Before commenting on these two studies, it is important to have in mind some definitions. During embryonic development, vasculogenesis (i.e. the formation of a primary vascular plexus by differentiation of angioblasts) precedes sprouting and non-sprouting angiogenesis (i.e. the formation of new vascular channels from pre-existing vessels) [4]. Angiogenesis also occurs in the adult; it contributes to a number of physiological processes such as wound healing and reproductive cycling [5]. Nitric oxide (NO)-induced dilatation and increased permeability of existing vessels as well as migration, proliferation and survival of mature endothelial cells, all play a crucial role in angiogenesis [6].

Many molecules have been implicated as positive regulators of angiogenesis, including VEGF (also known as VEGF-A), acidic fibroblast growth factor (FGF), basic FGF, transforming growth factor (TGF)-α, TGF-β, hepatocyte growth factor, tumor necrosis factor-α, angiogenin, interleukin (IL)-8 and the angiopoietins [6], [7], [8]. Of all the known angiogenic molecules, VEGF appears the most critical.

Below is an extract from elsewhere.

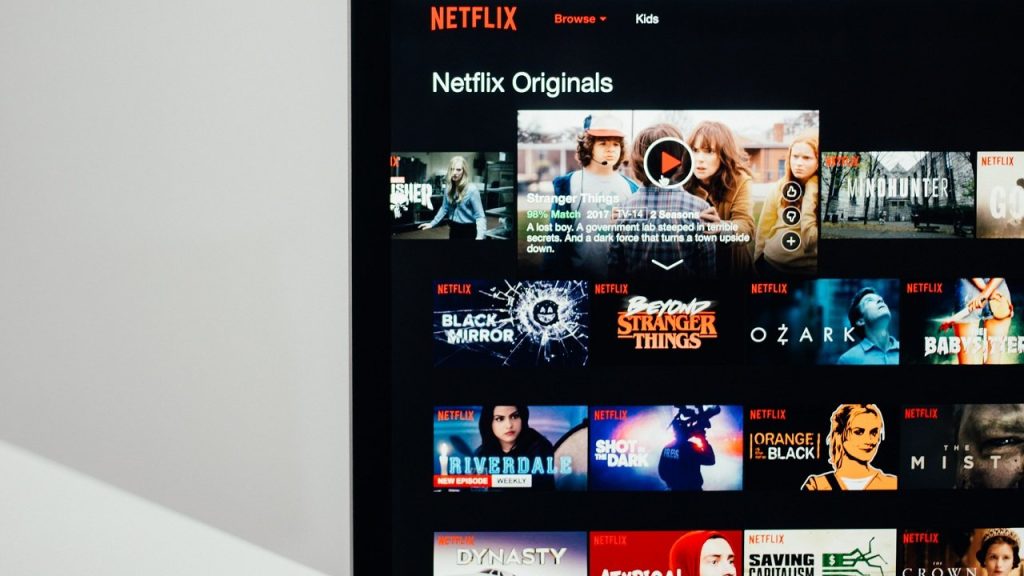 Netflix officially suggests a cheaper subscription with ads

Indeed, VEGF stimulates NO production by endothelial NO synthase and increases vascular permeability [6], [7], [8]. More importantly, VEGF induces the migration, proliferation and survival of endothelial cells, increases the display of adhesion molecules on these cells [7].

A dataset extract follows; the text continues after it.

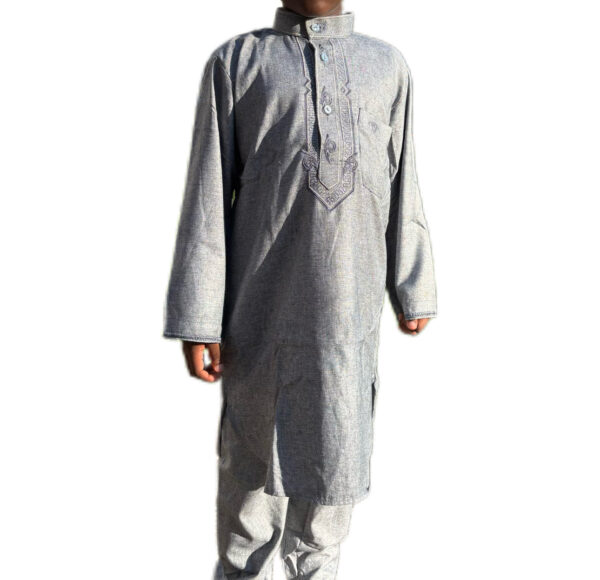 Ensemble tissu, taille 5 ans, Très bon état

Several mechanisms induce the VEGF gene (VEGF). Logically, hypoxia stimulates angiogenesis [6]. Hypoxia, via hypoxia-inducible transcription factors, increases VEGF protein levels by stimulating VEGF transcription and increasing VEGF mRNA stability. Moreover, an internal ribosomal entry site allows preserved translation in the face of cellular hypoxic shutdown. Growth factors, including epidermal growth factor, TGF-α, TGF-β, keratinocyte growth factor, insulin-like growth factor-1, FGF and platelet-derived growth factor, also upregulate VEGF mRNA expression. The proinflammatory cytokines IL-1α and IL-6 also induce VEGF expression.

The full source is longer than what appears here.